Problem statement | With the pictures left out, transcribe exactly the lines from the one with "Used 2019 Volvo XC40 T5 Momentum image 4" through the end of the data.

Data extract |
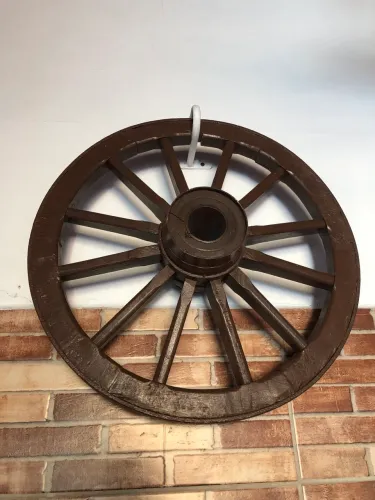 Roda de Carroça Antiga Original em Excelente Estado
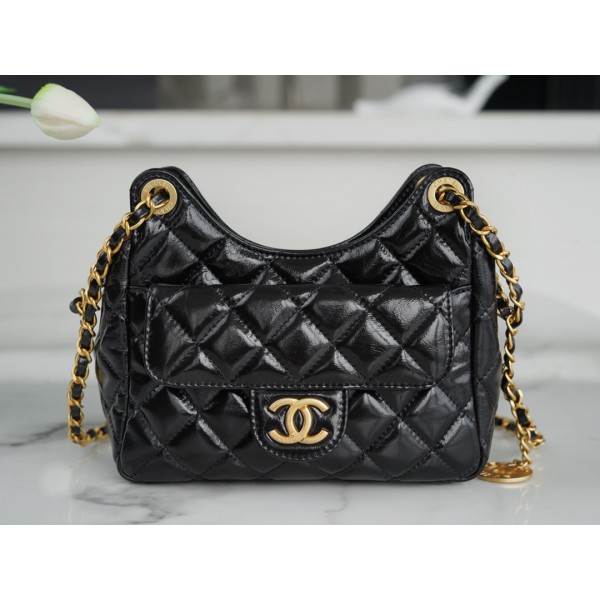 𝗖𝗛𝗔𝗡𝗘𝗟✦23𝑪 Early Spring Resort Collection Bright crinkled calfskin with gold metal Wave bag Black Small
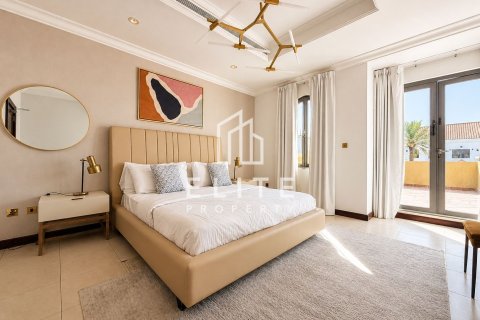 Villa in Palm Jumeirah, Dubai 5 bedrooms, 622 sq.m. № 121598 - photo 19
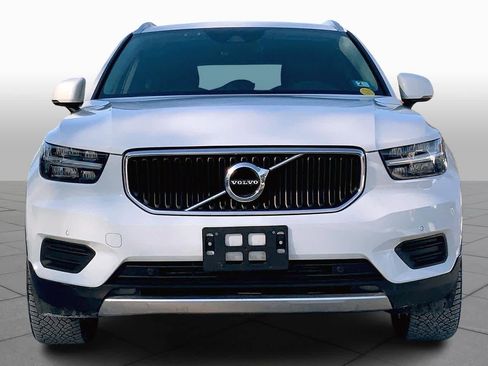 Used 2019 Volvo XC40 T5 Momentum image 4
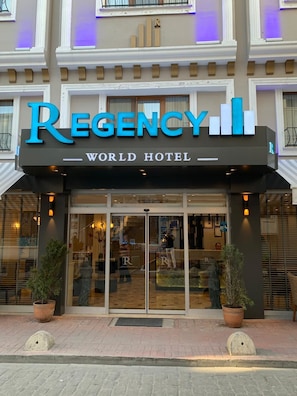 Front of property - Regency World Suite Istanbul (Istanbul)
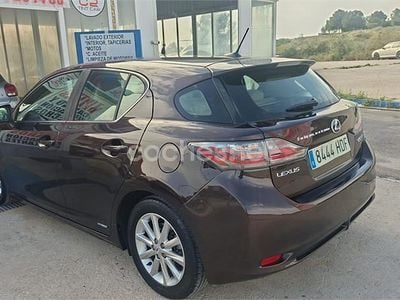 Usado Lexus CT200h 136 CV (100 kW) 2011 Granate Berlina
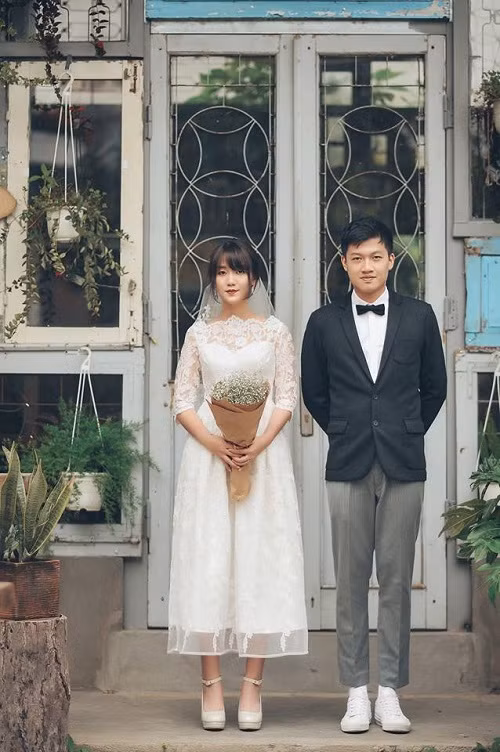 Ảnh cưới của cặp đôi được thực hiện tại Đà Lạt.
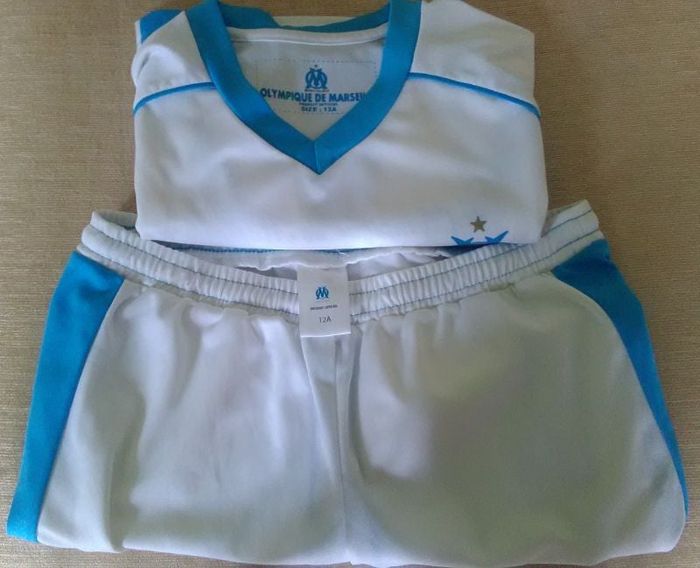 LOT maillot + short Olympique de Marseille (ceci n'est pas une contrefaçon)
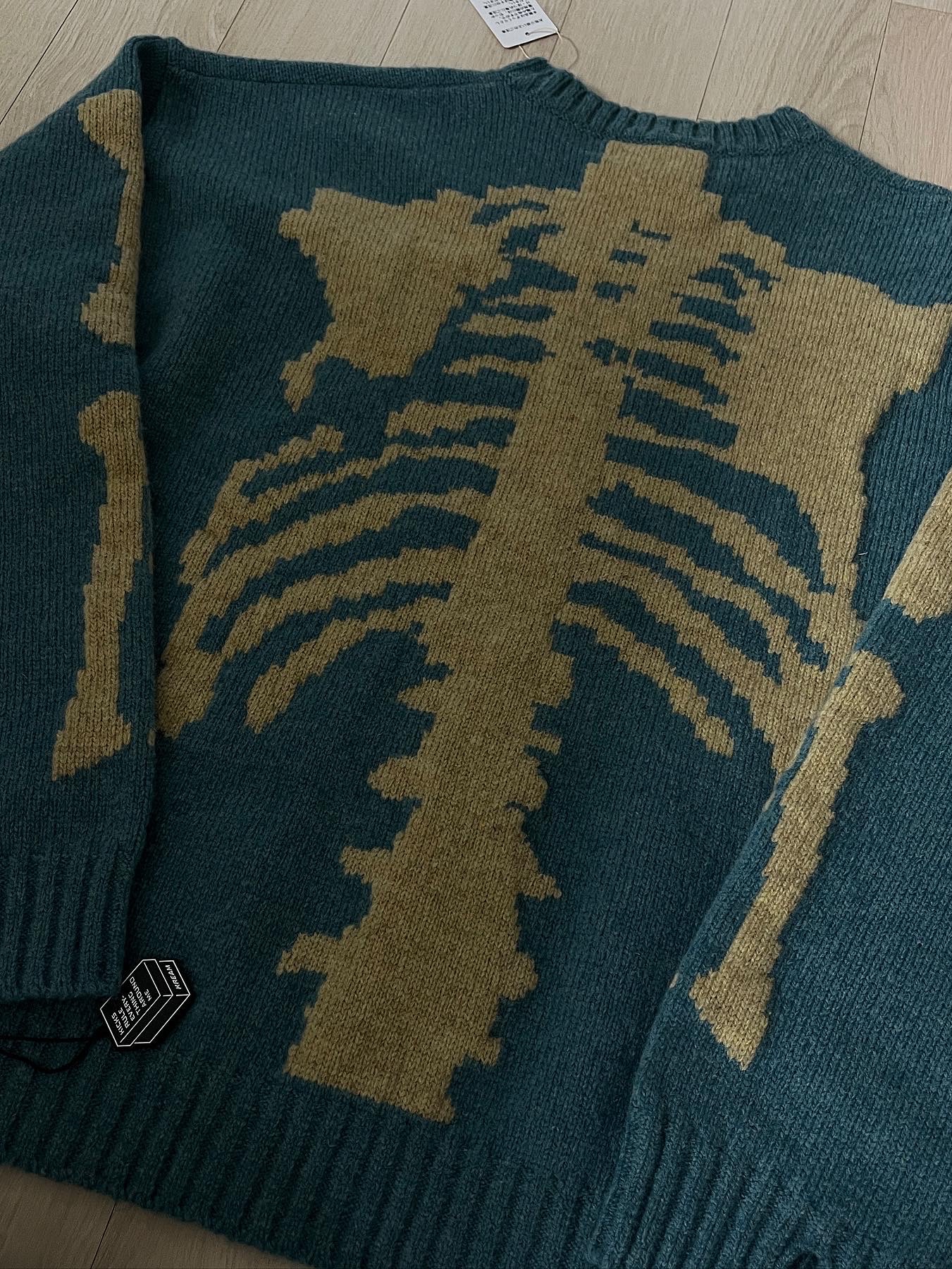 Kapital 5G Wool Bone Crewneck Sweater Saxophone 착용 스타일 - 1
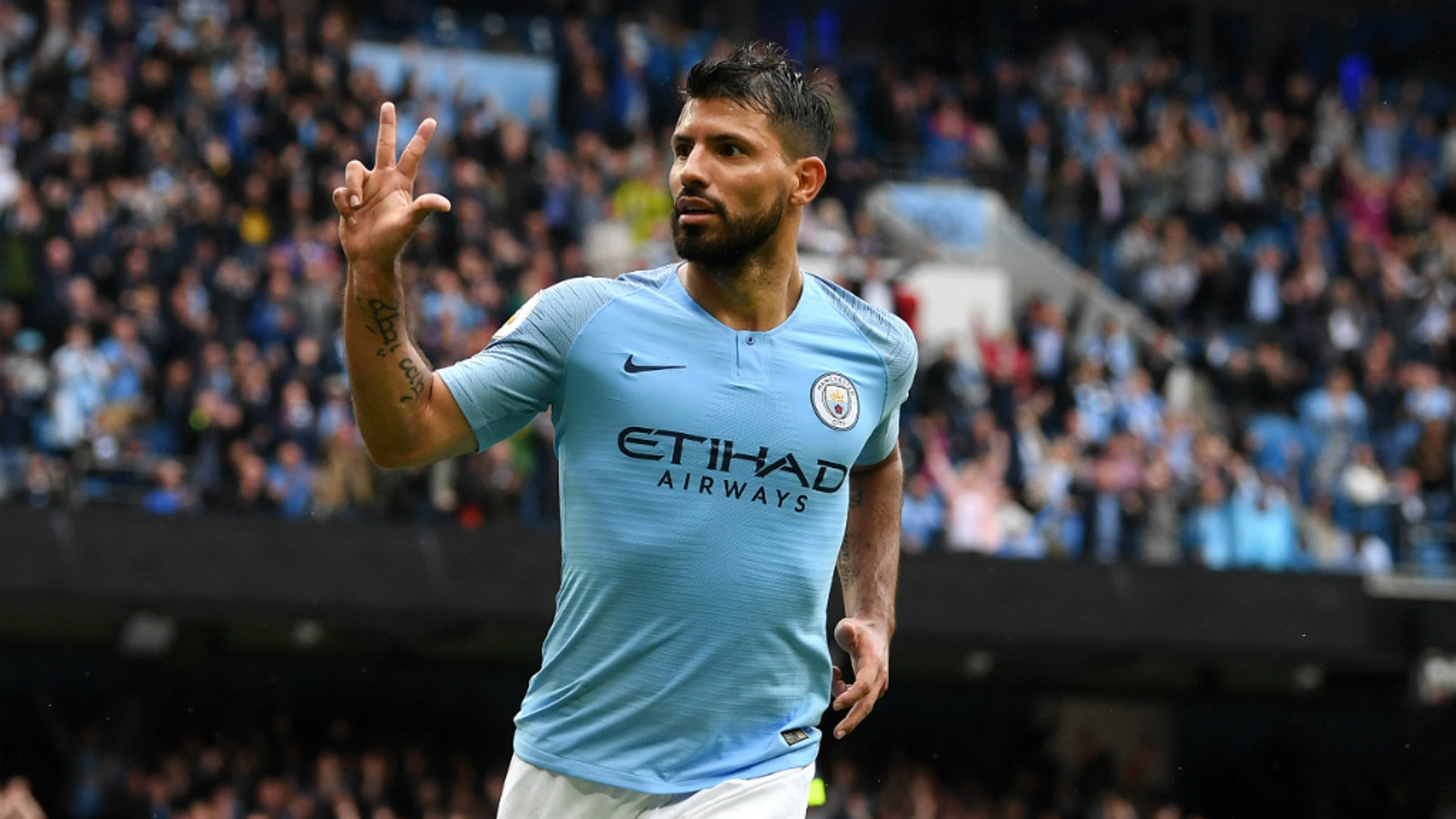 Lescott: 'Aguero was born to score goals!'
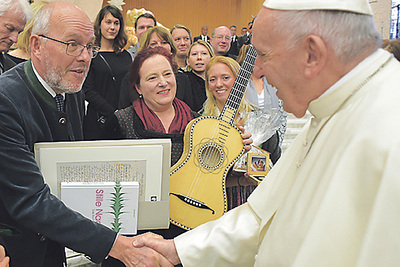 Stille-Nacht-Delegation bei Papst Franziskus.   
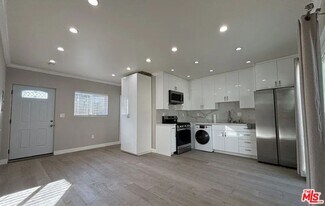 9248 Lev Ave in Los Angeles, CA - Building Photo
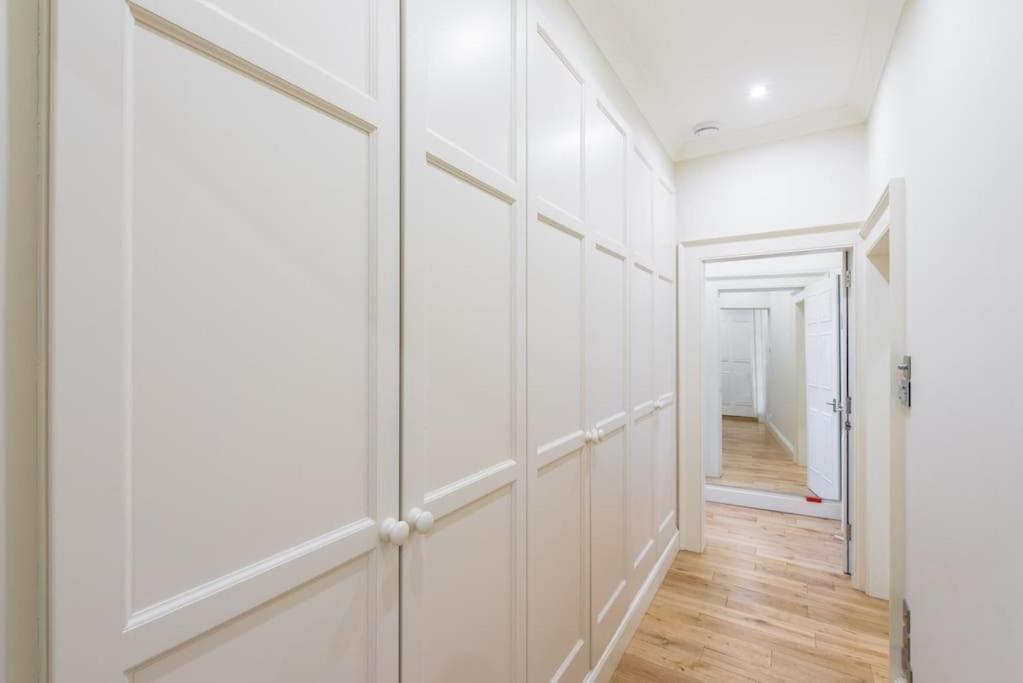 Self Catering , City Centre Apartment With Parking Edimburgo Exterior foto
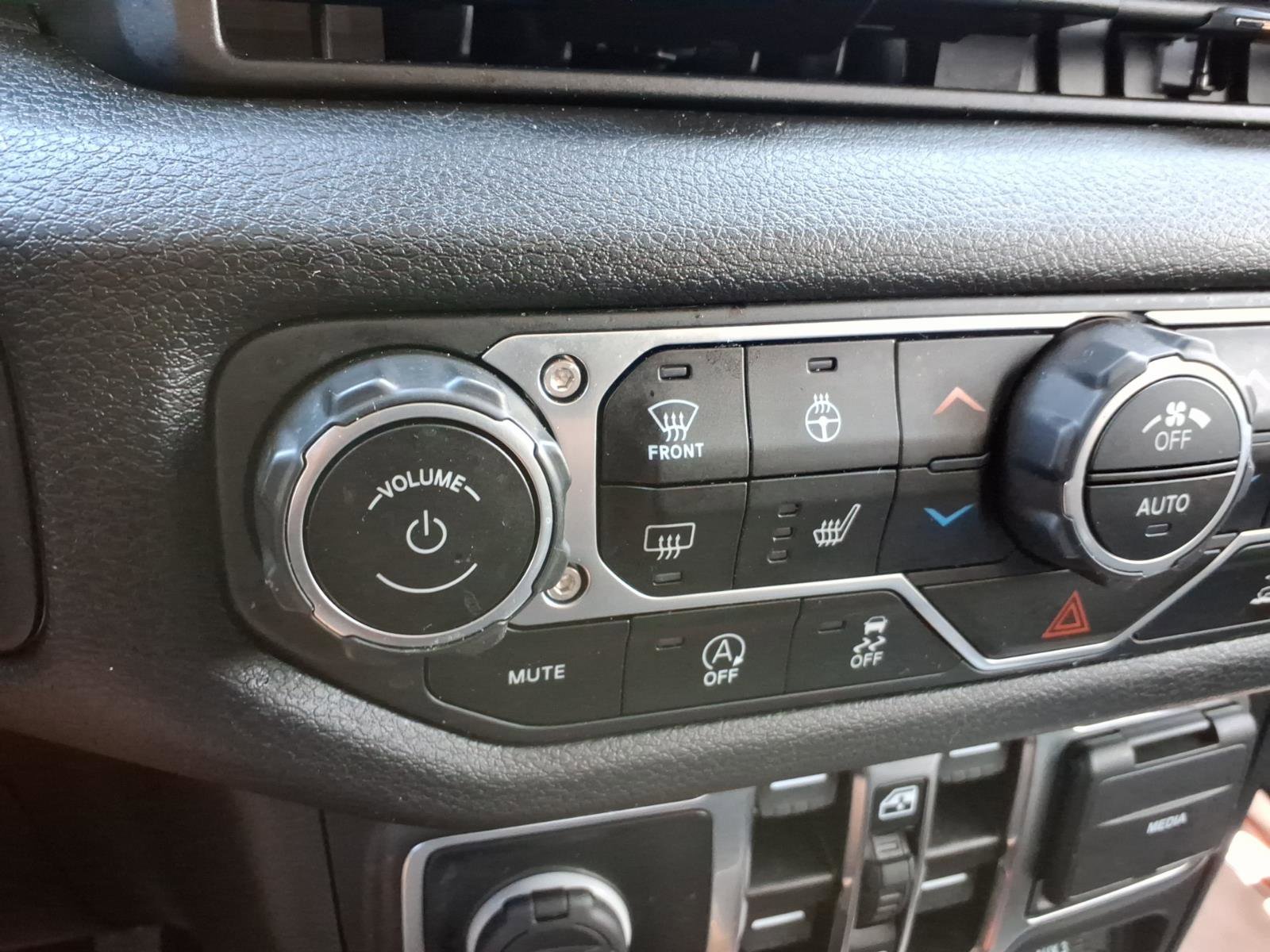 Used 2024 Jeep Gladiator Sport AWD/4WD image 21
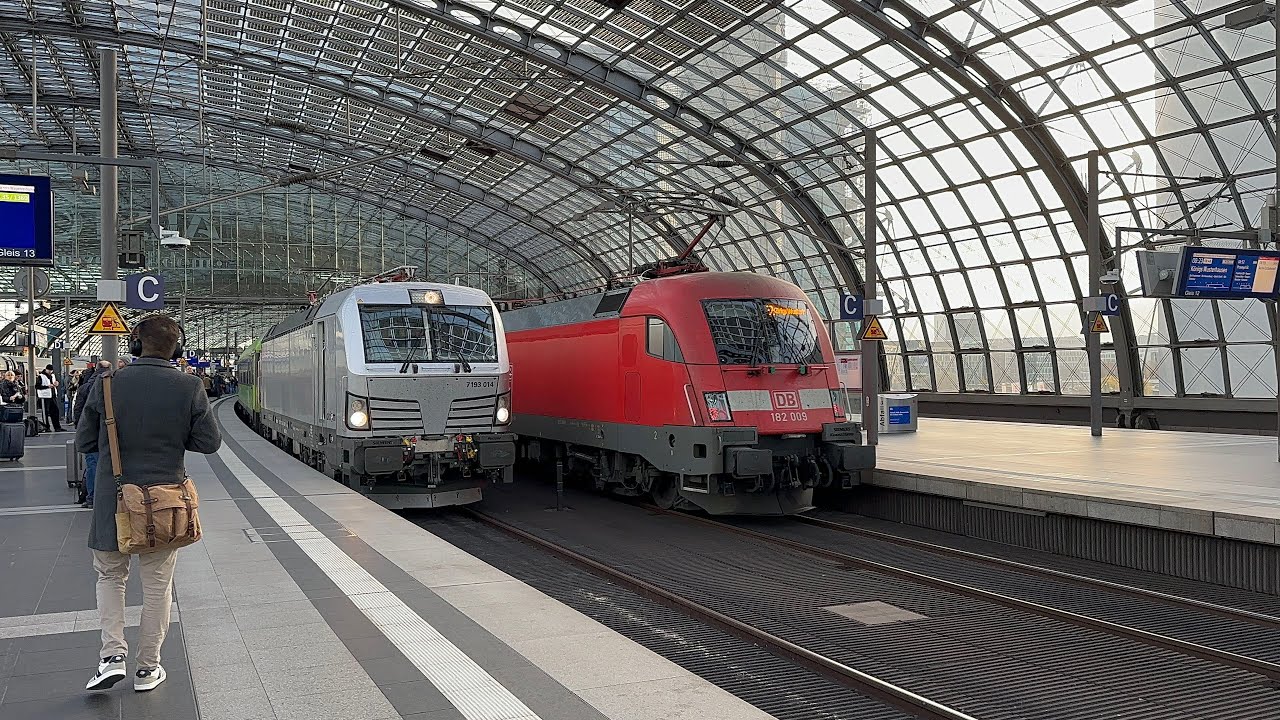 Deutsche Bahn Action @ Berlin Hbf (November 2025)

Completed task |
 Used 2019 Volvo XC40 T5 Momentum image 4
 Front of property - Regency World Suite Istanbul (Istanbul)
 Usado Lexus CT200h 136 CV (100 kW) 2011 Granate Berlina
 Ảnh cưới của cặp đôi được thực hiện tại Đà Lạt.
 LOT maillot + short Olympique de Marseille (ceci n'est pas une contrefaçon)
 Kapital 5G Wool Bone Crewneck Sweater Saxophone 착용 스타일 - 1
 Lescott: 'Aguero was born to score goals!'
 Stille-Nacht-Delegation bei Papst Franziskus.   
 9248 Lev Ave in Los Angeles, CA - Building Photo
 Self Catering , City Centre Apartment With Parking Edimburgo Exterior foto
 Used 2024 Jeep Gladiator Sport AWD/4WD image 21
 Deutsche Bahn Action @ Berlin Hbf (November 2025)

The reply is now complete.